Well, we’re still three thousand miles and eight days away, but it feels like a different trip, now that we’re heading East instead of West or North and our own home is at the end of the road. We left Seattle around 9 on Monday, and by 10 the city was well behind us and we’d entered the mountainous terrain of Eastern Washington.
In the Northwest, it seems every major road follows a creek or river, and Route 2 hugs the Wenatchee River most of the way. It’s a beautiful river with all shades of personality: an overgrown brook gurgling over rocks turning to enthusiastic whitewater in a broadening river until it reaches the Columbia River just north of the town of Wenatchee.

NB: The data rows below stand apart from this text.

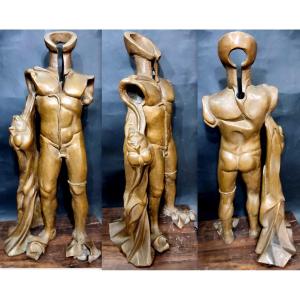Umberto Boccioni « L'Homme-chenille » ou « Fusion de la forme humaine », sculpture en bronze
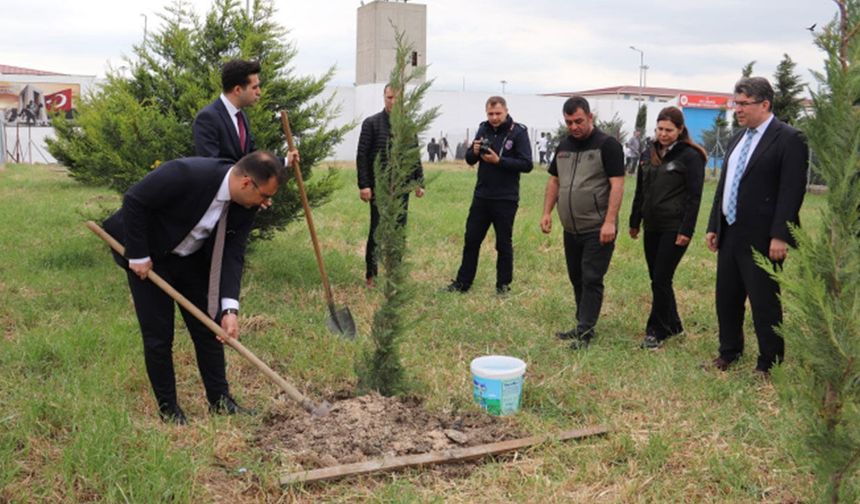 Bandırma’da Görev Şehidi Ceza İnfaz Personeli anısına fidan dikildi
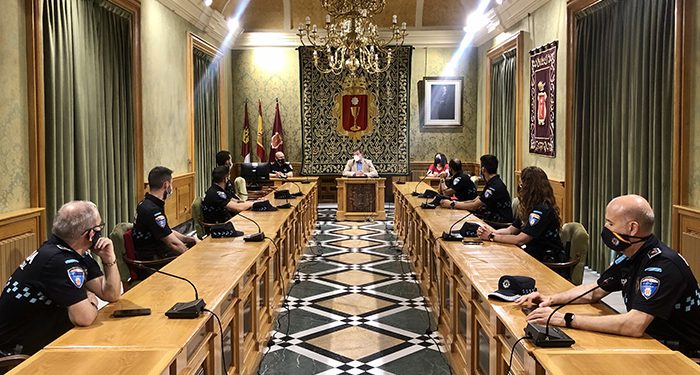 Dolz da la bienvenida a los seis futuros Policías Locales que hoy comienzan sus prácticas en Cuenca 1 Dolz da la bienvenida a los seis futuros Policías Locales que hoy comienzan sus prácticas en Cuenca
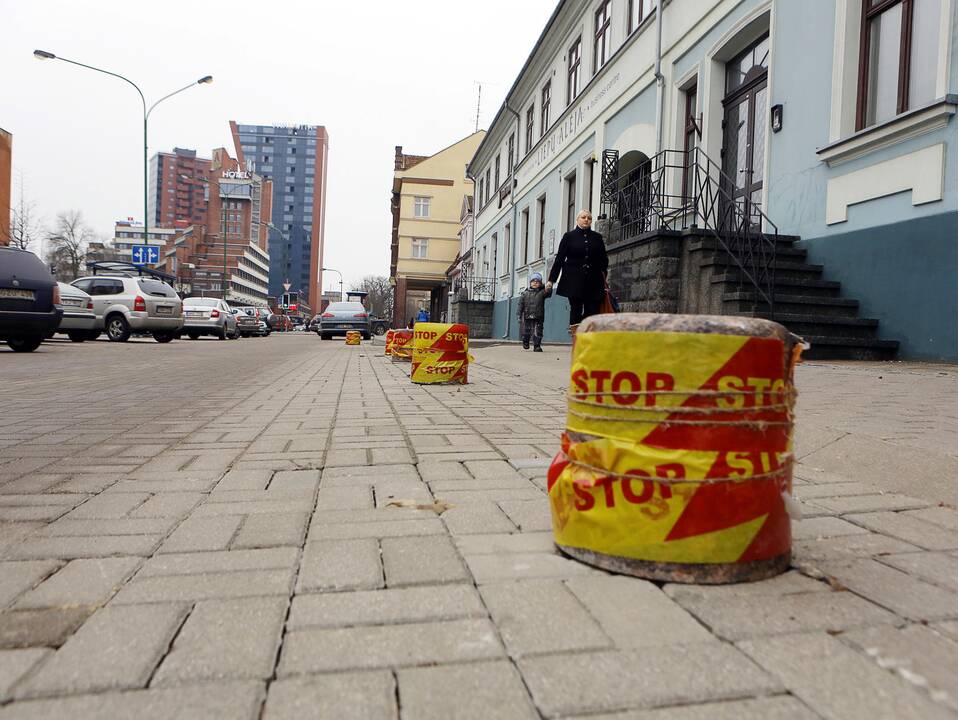  Pažymėjo: vairuotojus erzinantys stulpeliai apsukti "Stop" juosta, kad būtų labiau matomi.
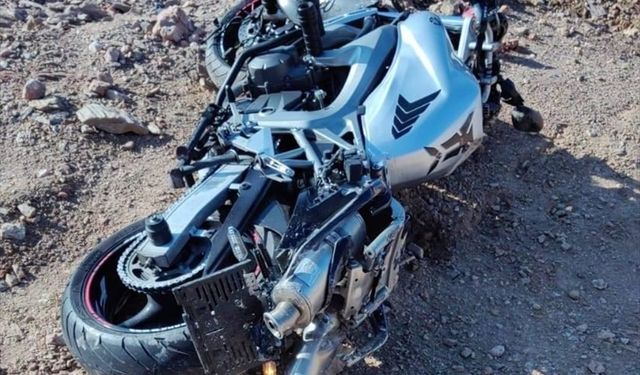 Manisa'da devrilen motosikletin sürücüsü öldü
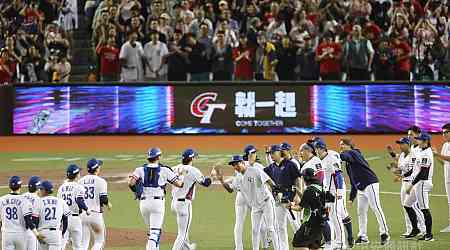 Taiwan wins Premier12 opener over South Korea with homeruns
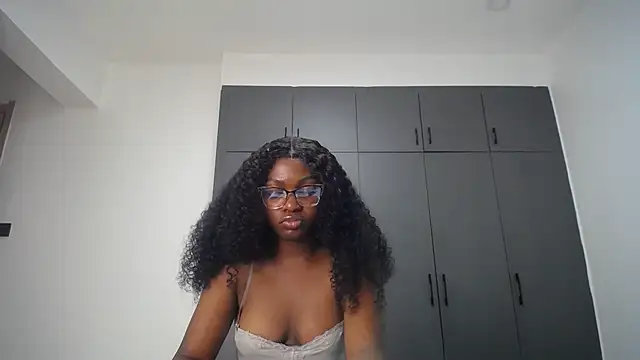 Pretty_Liya08's Live XXX Chat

We ate lunch in Leavenworth, a town that, faced with extinction in the early 1900s when the mining and logging industries dried up and the railroad literally pulled up its tracks and left, completely reinvented itself to be a Bavarian village. The helpful woman at the Visitor Center was dressed like a character out of Heidi.
“There’s no German heritage here'” she said. “It’s all Walt Disney. A couple of creative developers saw the potential of building a tourist industry on the Bavarian nature of the surroundings and sold it to the city council. The business community bought into it as well and created what we have today.”
What they have is a thriving winter sports industry, as well as a busy fall Octoberfest and March and April bring tourists when the snow is melting. From what we observed, the summer season is well-attended too.
Shortly after heading out of Leavenworth, we met up with the bicyclists who had signed on for the 2013 RAW (Ride Across Washington) 15: “Pines to Vines.” They were well into their third day of the ride traveling 65 miles from Lake Chelan to Leavenworth which included 2,972 feet of climbing and 2,920 feet of descent. We agreed they were made of sturdier stuff than we, and we especially cheered on those at the rear, a good 30 miles or so behind the head of the pack. Fortunately they had a day of rest to look forward to at Leavenworth.
Making time and miles was the agenda for the rest of the day, except for a brief detour through Spokane, a city we’ve skirted several times on convenient bypasses to avoid the town traffic, to see their Riverfront Park. The river was less than notable, moving sluggishly along the park, but the park sculpture was delightful: a huge wagon for the children, and an inspirational crowd of runners in metal.
We spent the night just across the state line at a campground in Post Falls, Idaho. Tomorrow, we’ll spend a brief time crossing the panhandle of Idaho and head on into Montana.